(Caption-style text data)
--------------------

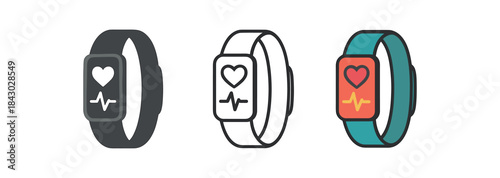 healthy lifestyle icons one flat solid monochrome one thin black outline black and white one full color flat icon fitness tracker band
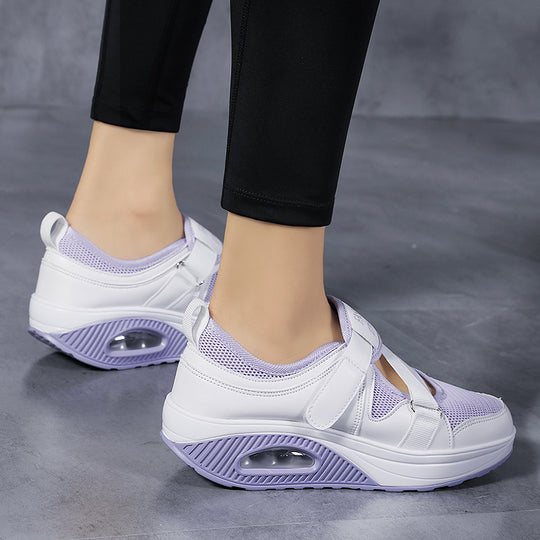 Damen nan stabilisierender Komfort-Sneaker mit luftgepolsterter Keilsohle und Klett-Riemenverschluss EB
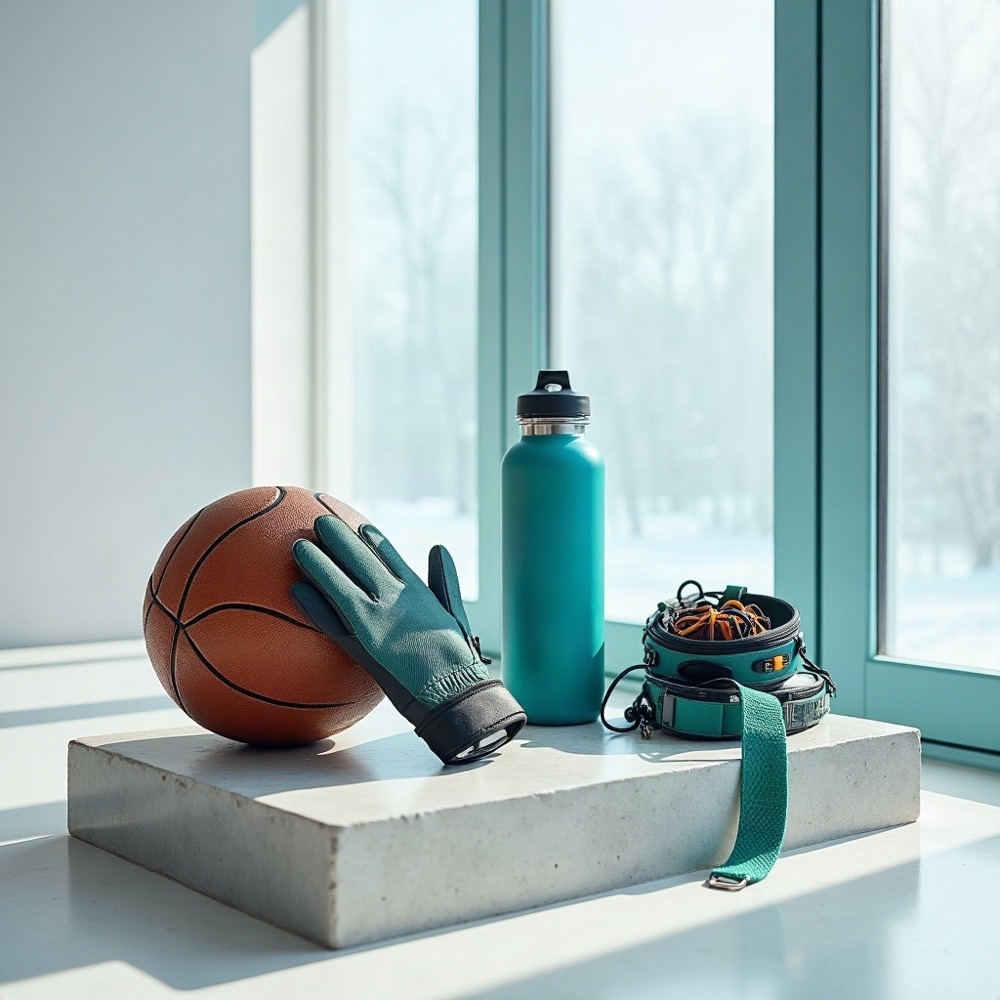 Soccer ball, hockey glove, trail pack and snowshoe on a pale stone slab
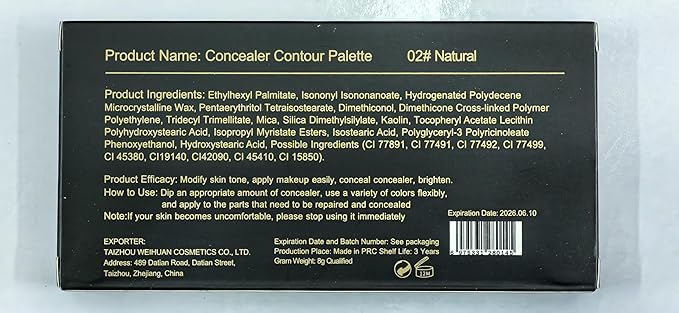 Concealer Contour Palette, Cosmetics Cream Contour and Highlighting Makeup Kit,6 In 1 Contouring Foundation Concealer Palette Conceals Dark Circles,Blemish,Waterproof Long-Lasting-Cruelty Free (#02)-Velvo Beauty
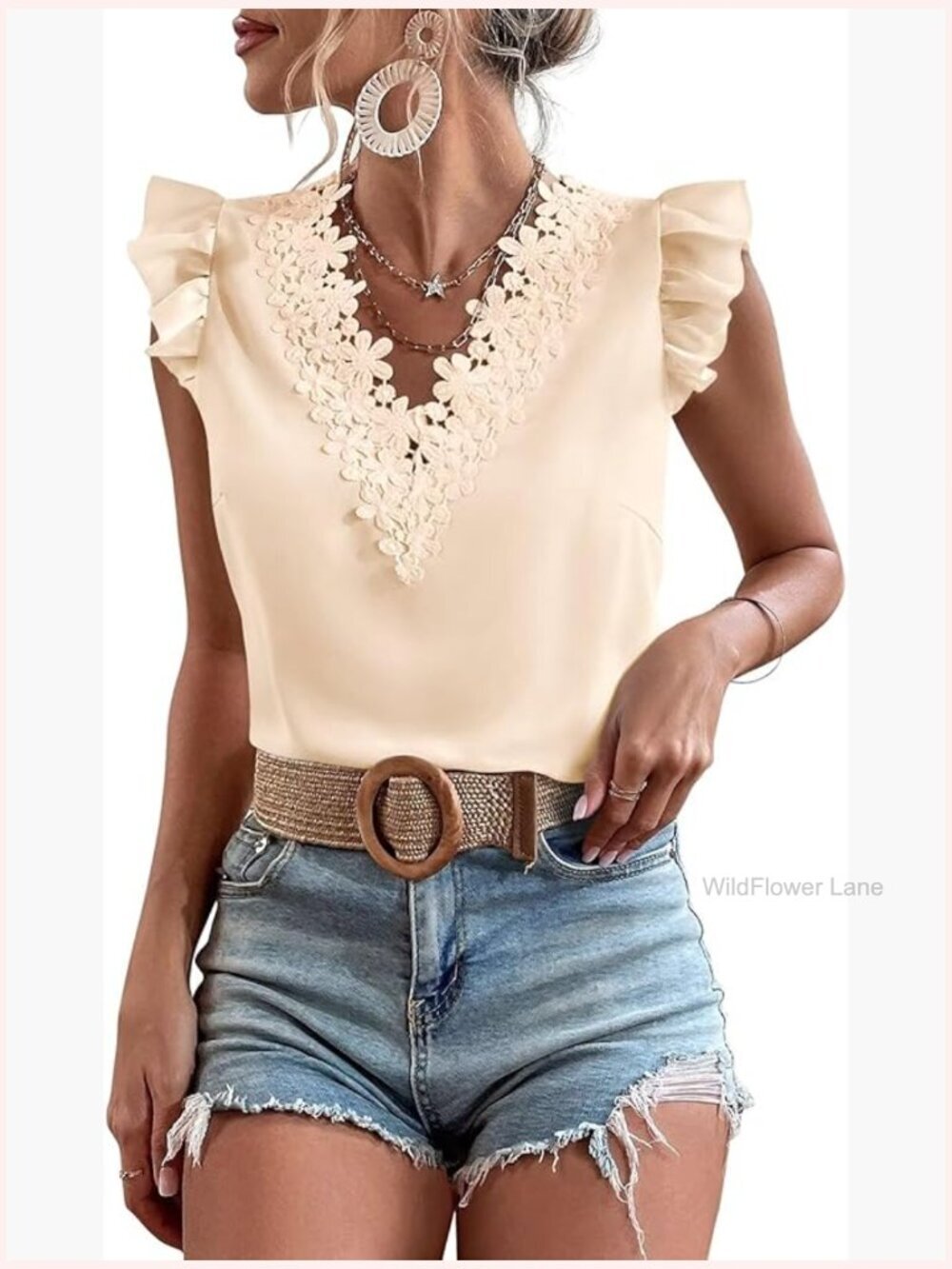 Floral Lace V-Neck Tunic Blouse Ruffle Sleeve Dressy Casual Summer Top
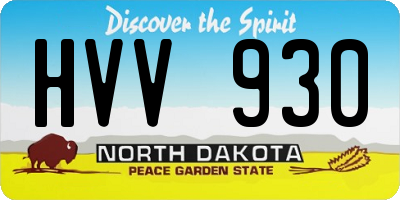 ND license plate HVV930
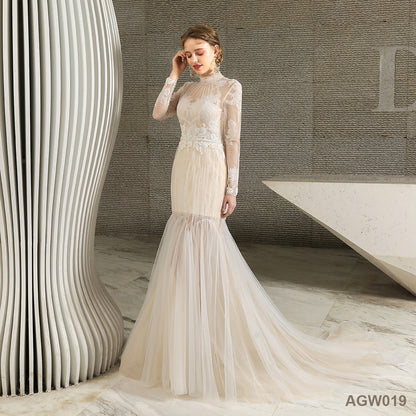 White Color Bridal Maids High Ivory Mermaid Lace Mock Neck Wedding Dress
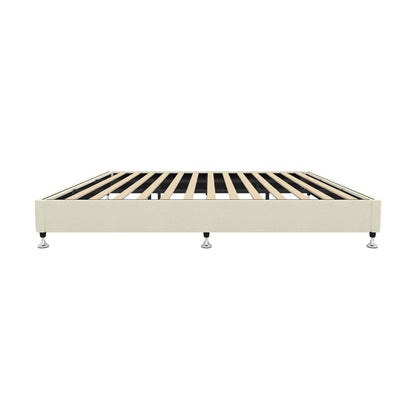 Oikiture Bed Frame King Size Bed Base Platform Beige-Bed Frames-PEROZ Accessories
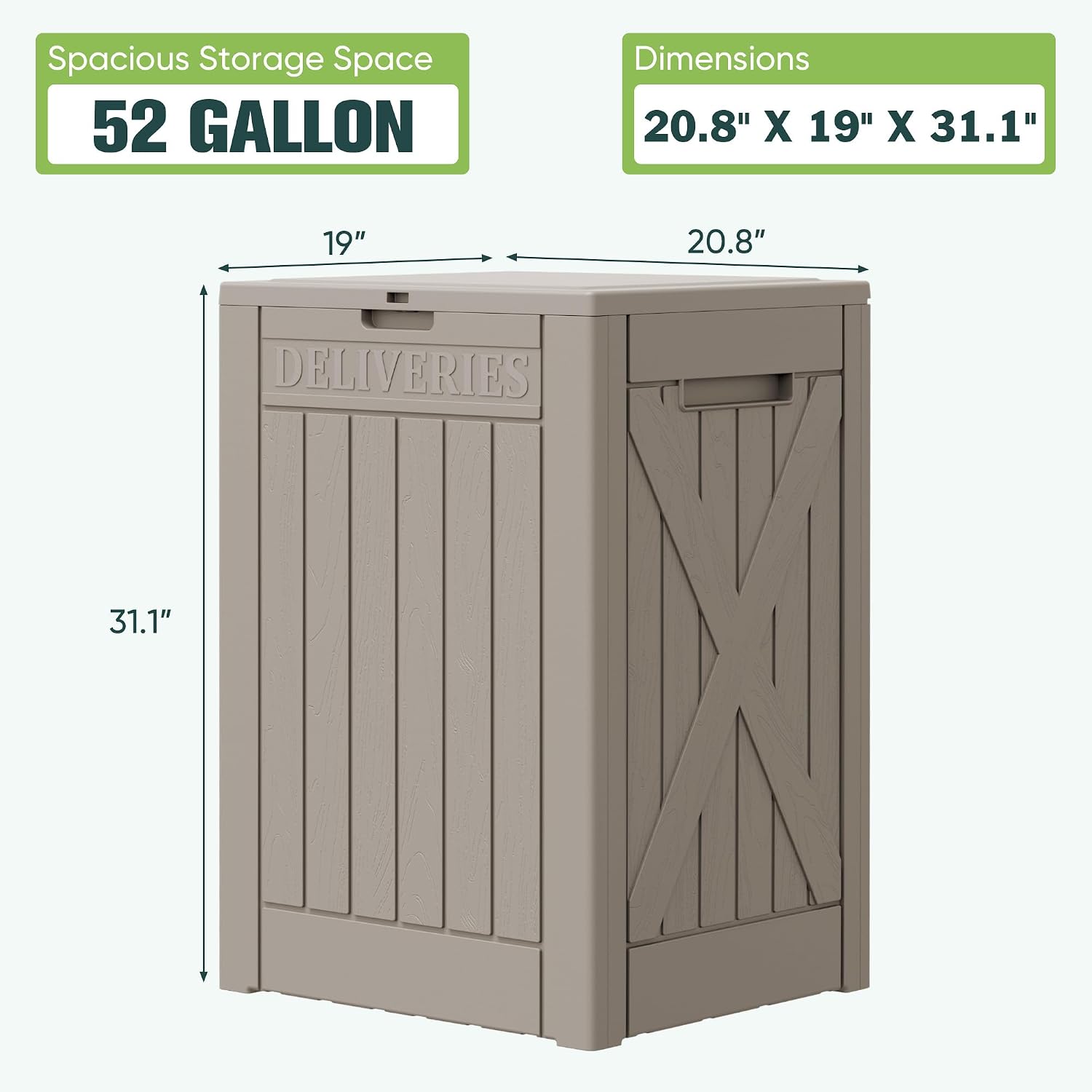 Greesum 52 Gallon Large Outdoor Package Delivery Box for Porch, Lockable Secure Double-Wall Resin Storage Box, Waterproof Deck Box for Package Protection, Light Coffee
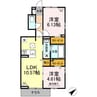 エランドール 2LDKの間取り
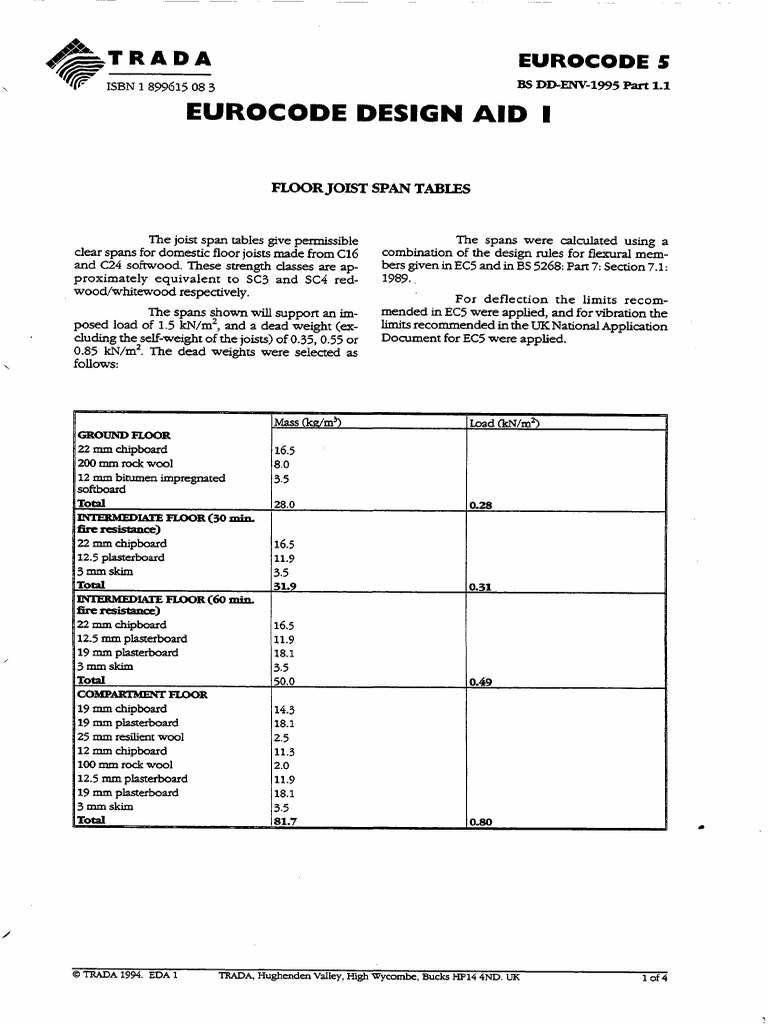 Eurocode5-Design Aid 1 | PDF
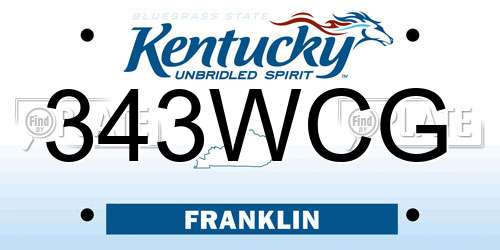343WCG Kentucky License Plate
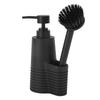 Dish Soap Dispenser Stainless Steel Washing Up Liquid Dispenser with Cleaning Brush for Kitchen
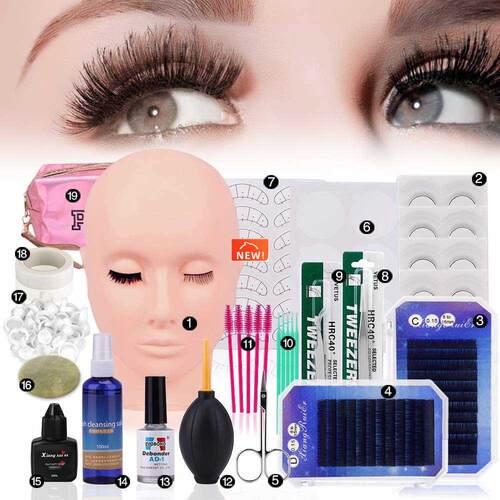 22 in 1 False Eyelash Extension Training Kit Practice Model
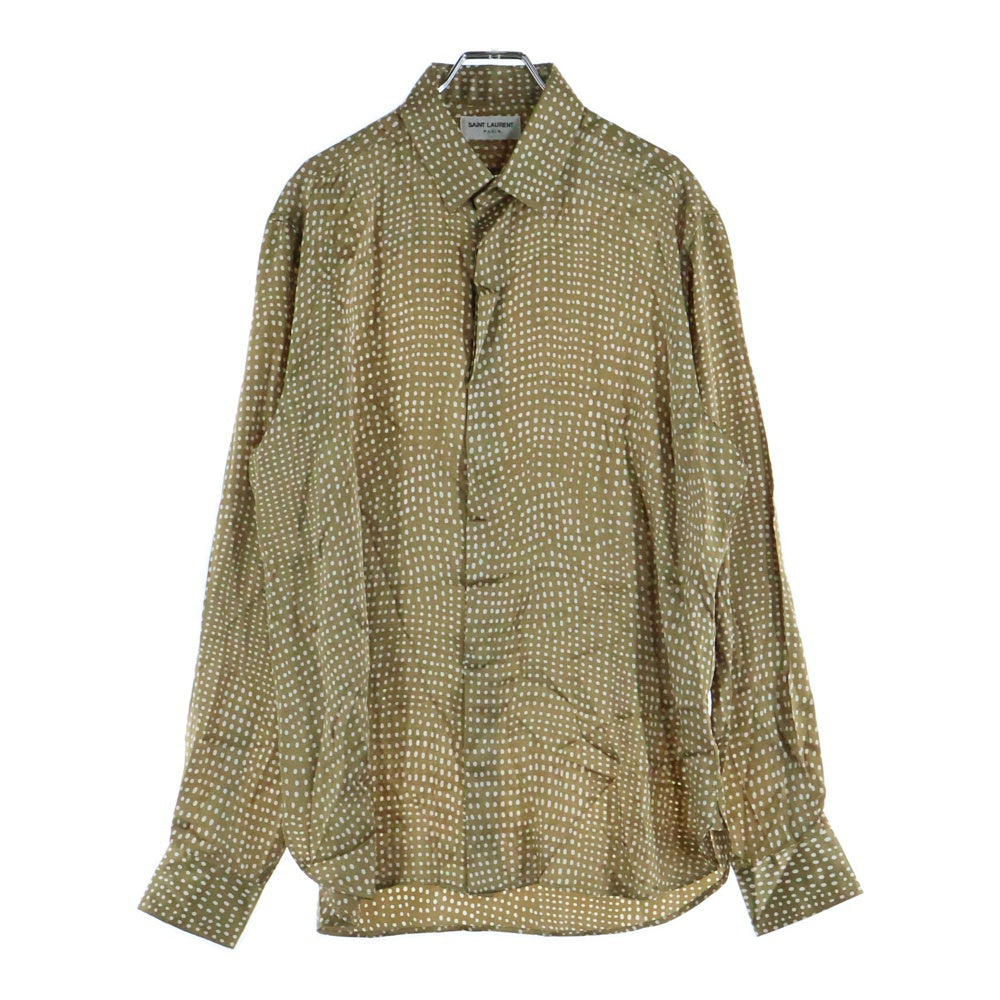 SAINT LAURENT PARIS(サンローランパリ) ポルカドット 総柄 シルク 長袖シャツ ブラウン 646850 Y2C28
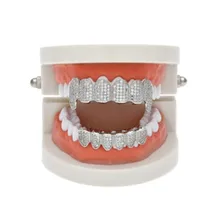 1 компл. Позолоченные хип-хоп ЗУБЫ Grillz Верхняя и нижняя гриль зубы грили Мода
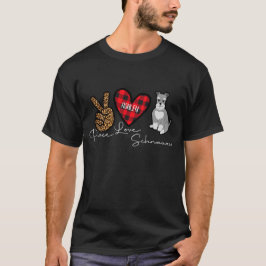 Miniatuur Schnauzer Pset Peace Love Cute Dog T-shirt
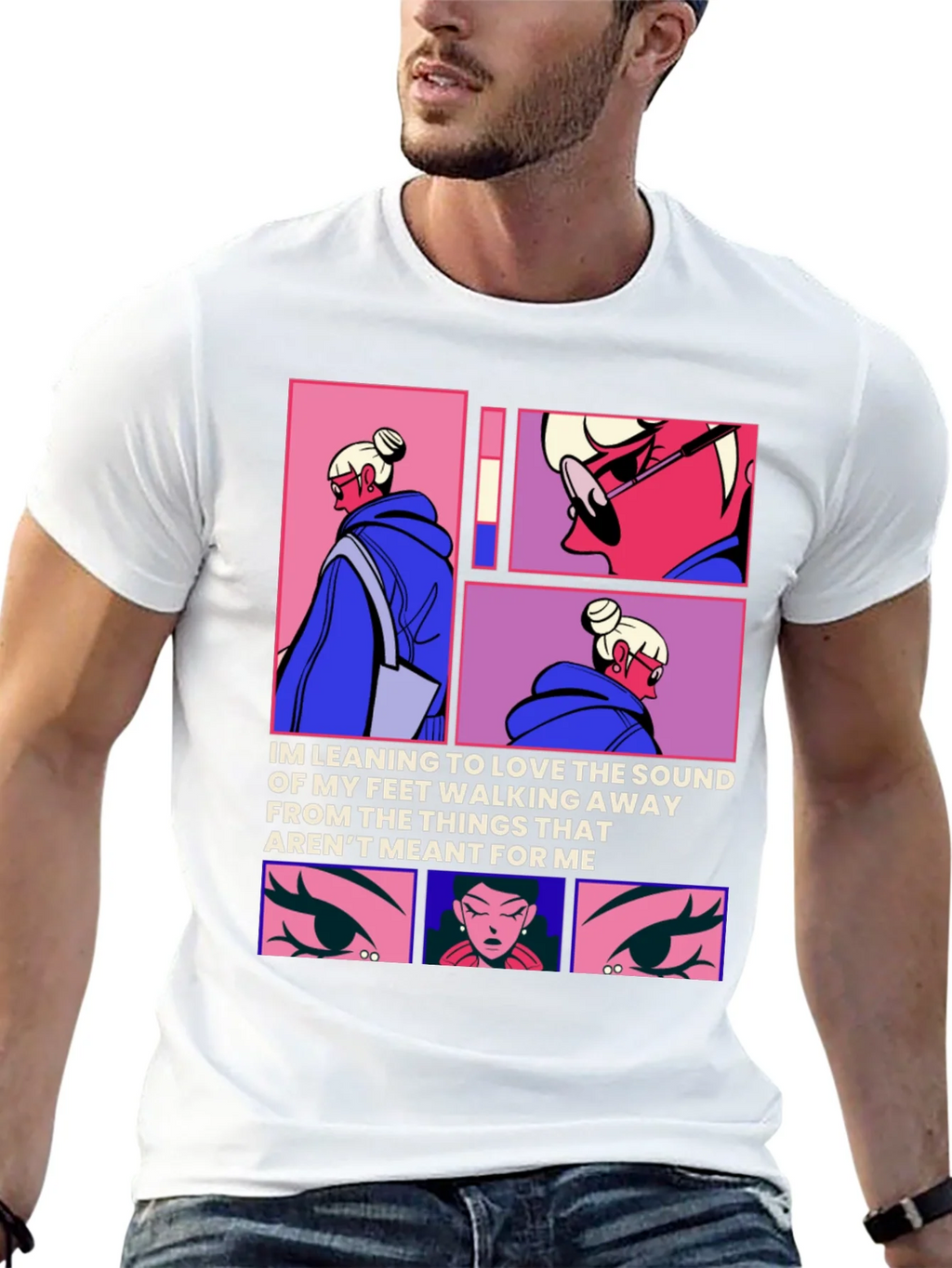 Trendy Anime Graphic Tee: Walking Away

--------------------

> _Task requirements_: Could you return each line, unchanged, from the line containing "SAINT LAURENT PARIS(サンローランパリ)" through the last line of the entries above, leaving out the pictures?

> _Answer box_:
 SAINT LAURENT PARIS(サンローランパリ) ポルカドット 総柄 シルク 長袖シャツ ブラウン 646850 Y2C28
 1 компл. Позолоченные хип-хоп ЗУБЫ Grillz Верхняя и нижняя гриль зубы грили Мода
 Miniatuur Schnauzer Pset Peace Love Cute Dog T-shirt
 Trendy Anime Graphic Tee: Walking Away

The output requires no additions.